== INPUT DATA ==

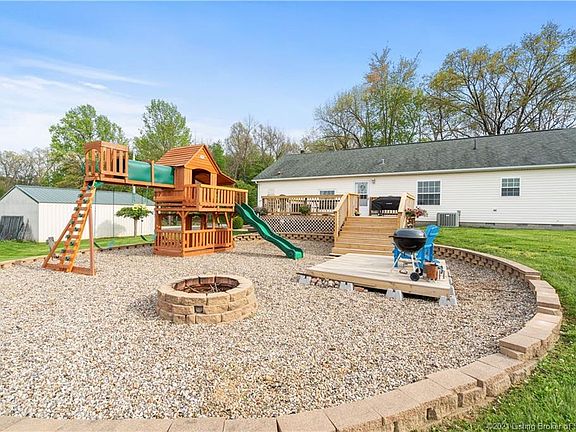 4th image of 768 Shady Ln NE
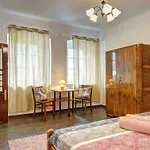 Angelina Villa *
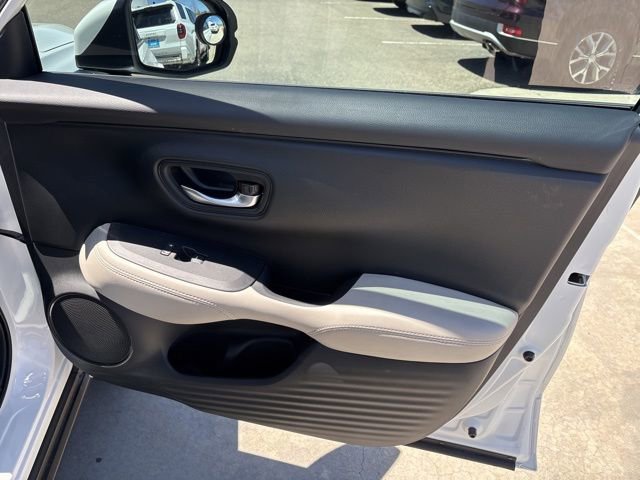 Certified 2025 Honda HR-V LX image 18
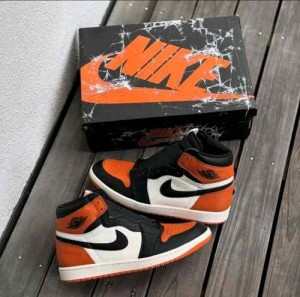 Nikee Air Jordan Retro 1 Shattered Backboard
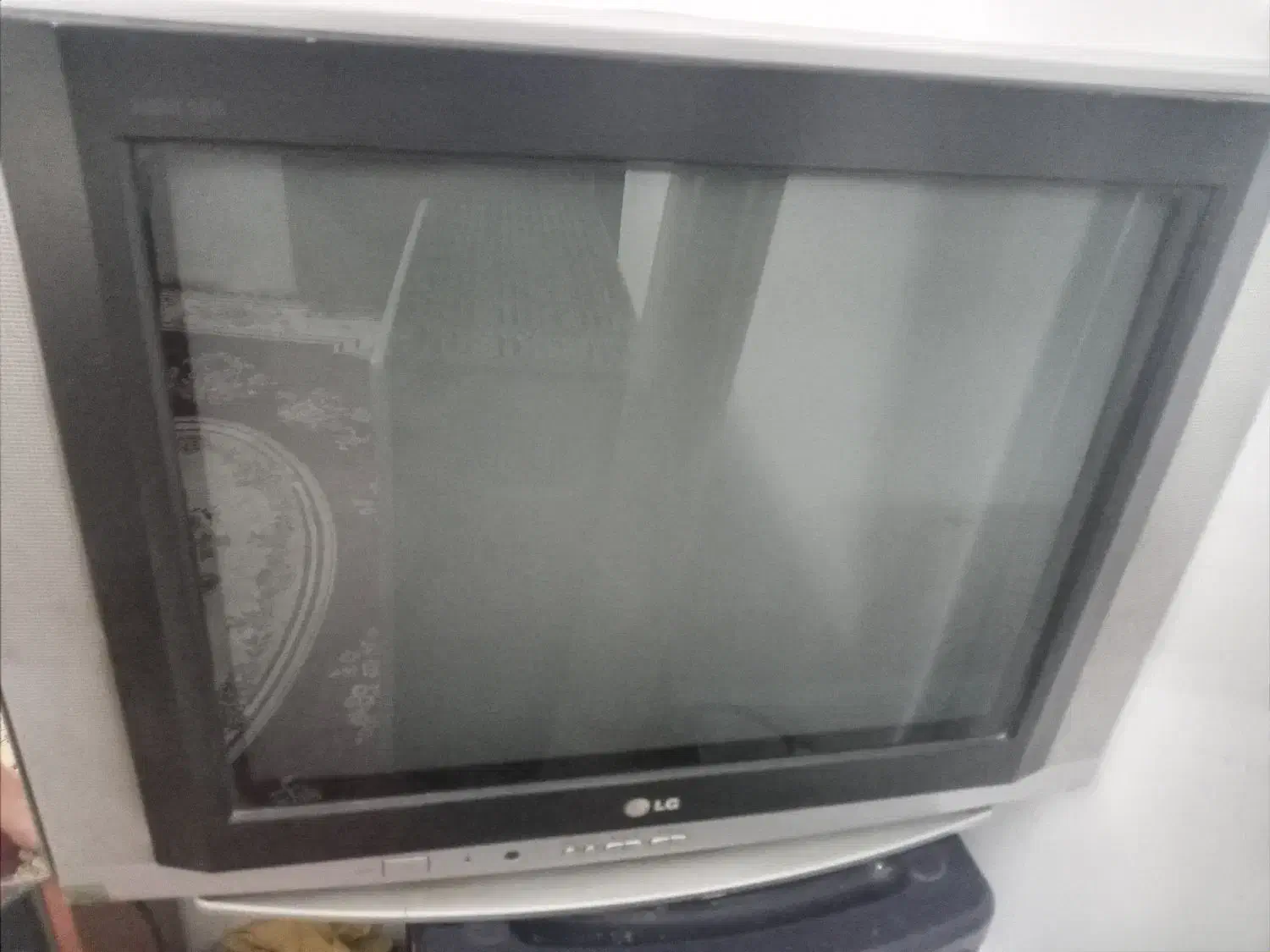 تلوزین۲۱ اینچ ال جی|تلویزیون و پروژکتور|طرقبه, |دیوار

===

_EXERCISE INSTRUCTIONS_. Reproduce the entries above exactly, though not their pictures.

_WRITTEN SOLUTION_.
 4th image of 768 Shady Ln NE
 Angelina Villa *
 Certified 2025 Honda HR-V LX image 18
 Nikee Air Jordan Retro 1 Shattered Backboard
 تلوزین۲۱ اینچ ال جی|تلویزیون و پروژکتور|طرقبه, |دیوار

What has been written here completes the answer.